When I asked Williams if he’s at all worried about stretching himself too thinly, with so many projects and initiatives, he’s quick to point out that he couldn’t do all of this without help from others, like chef Burrell, and like his founding chef/partner Khang Hoang, who now oversees the kitchen at Lucille’s as the chef de cuisine and has been with him since day one. Or Lawrence Walker, the culinary director of Lucille’s 1913, who has helped Williams deliver more than 150,000 meals to Houstonians in need. Or Robertine Jefferson, the director of development for Lucille’s 1913, who helps him run the nonprofit. Or Josh Lopez, the general manager of Lucille’s. Or Peter Clifton, the beverage director for all their concepts.

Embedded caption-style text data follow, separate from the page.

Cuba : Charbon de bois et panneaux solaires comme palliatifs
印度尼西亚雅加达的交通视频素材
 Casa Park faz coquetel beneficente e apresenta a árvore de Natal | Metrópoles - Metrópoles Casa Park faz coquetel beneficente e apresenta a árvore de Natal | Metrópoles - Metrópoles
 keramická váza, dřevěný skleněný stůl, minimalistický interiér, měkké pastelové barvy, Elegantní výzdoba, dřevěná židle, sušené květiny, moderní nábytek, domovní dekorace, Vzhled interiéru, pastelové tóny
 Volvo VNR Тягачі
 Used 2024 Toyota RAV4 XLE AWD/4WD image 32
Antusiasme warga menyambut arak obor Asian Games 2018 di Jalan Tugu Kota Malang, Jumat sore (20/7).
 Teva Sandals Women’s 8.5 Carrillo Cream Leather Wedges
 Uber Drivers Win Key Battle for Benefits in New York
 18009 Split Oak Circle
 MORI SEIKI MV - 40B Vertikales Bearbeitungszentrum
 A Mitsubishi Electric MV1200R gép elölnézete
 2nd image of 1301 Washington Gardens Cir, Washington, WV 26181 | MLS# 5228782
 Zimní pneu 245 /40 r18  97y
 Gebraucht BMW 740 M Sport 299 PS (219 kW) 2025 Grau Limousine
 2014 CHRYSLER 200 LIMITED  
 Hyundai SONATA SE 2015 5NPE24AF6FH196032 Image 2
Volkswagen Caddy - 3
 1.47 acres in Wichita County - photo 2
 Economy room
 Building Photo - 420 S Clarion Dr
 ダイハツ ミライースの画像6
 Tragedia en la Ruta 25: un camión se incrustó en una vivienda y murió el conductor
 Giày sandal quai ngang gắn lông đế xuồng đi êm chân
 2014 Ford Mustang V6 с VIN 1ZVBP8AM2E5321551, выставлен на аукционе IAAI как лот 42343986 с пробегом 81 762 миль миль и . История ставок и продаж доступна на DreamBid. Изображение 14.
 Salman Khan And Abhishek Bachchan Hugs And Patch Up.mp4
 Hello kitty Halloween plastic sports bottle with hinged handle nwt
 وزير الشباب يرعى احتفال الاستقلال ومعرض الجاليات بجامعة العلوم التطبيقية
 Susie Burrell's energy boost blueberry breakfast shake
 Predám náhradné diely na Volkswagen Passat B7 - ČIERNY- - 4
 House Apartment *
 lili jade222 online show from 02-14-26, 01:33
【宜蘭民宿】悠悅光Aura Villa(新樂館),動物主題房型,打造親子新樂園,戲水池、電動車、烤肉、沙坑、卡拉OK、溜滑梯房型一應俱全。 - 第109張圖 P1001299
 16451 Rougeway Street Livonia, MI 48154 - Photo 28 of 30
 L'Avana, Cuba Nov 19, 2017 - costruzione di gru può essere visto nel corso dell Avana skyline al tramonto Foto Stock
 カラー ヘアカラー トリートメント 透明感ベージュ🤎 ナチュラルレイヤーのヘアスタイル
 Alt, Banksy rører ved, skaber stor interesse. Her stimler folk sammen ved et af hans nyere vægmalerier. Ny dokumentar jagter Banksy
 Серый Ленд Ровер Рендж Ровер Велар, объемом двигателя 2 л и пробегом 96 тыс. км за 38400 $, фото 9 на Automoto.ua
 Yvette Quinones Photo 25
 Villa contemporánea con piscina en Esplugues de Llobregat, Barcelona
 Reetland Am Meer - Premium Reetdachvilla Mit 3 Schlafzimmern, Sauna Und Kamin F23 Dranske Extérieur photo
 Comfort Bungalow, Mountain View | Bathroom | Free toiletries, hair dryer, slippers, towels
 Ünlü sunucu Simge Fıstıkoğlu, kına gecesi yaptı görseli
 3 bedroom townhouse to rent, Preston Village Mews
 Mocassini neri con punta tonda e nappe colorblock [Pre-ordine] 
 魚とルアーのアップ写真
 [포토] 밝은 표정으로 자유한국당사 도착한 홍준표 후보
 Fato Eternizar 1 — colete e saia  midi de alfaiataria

“We have this wonderful plethora of colors who are all working together, who are all about giving back first–we all do that work first,” says Williams. “And then if we make some money, it’ll be on the way back in, but it’s an investment of time and resources. And these are people, like I said before, who are a lot smarter than me, so no, I don’t feel stretched thin at all.”
He also hopes that when diners choose to dine at Lucille’s, Late August, Emile’s, or Rado Café, they’ll understand the kind of experience he and his team are trying to deliver not just to them, but for them.
“You’re going to be able to get history, you’re going to be able to have fun, you’re going to be able to see some dynamic talent from chefs like chef Burrell and chef Hoang, but the best thing about it is you have the opportunity to enjoy yourself with these things and know that your dollars have two purposes,” he says. “It’s not only sustaining the business but it’s going back into the communities, to your neighbors, and it’s bringing dignity back to these neighborhoods that have been forgotten.”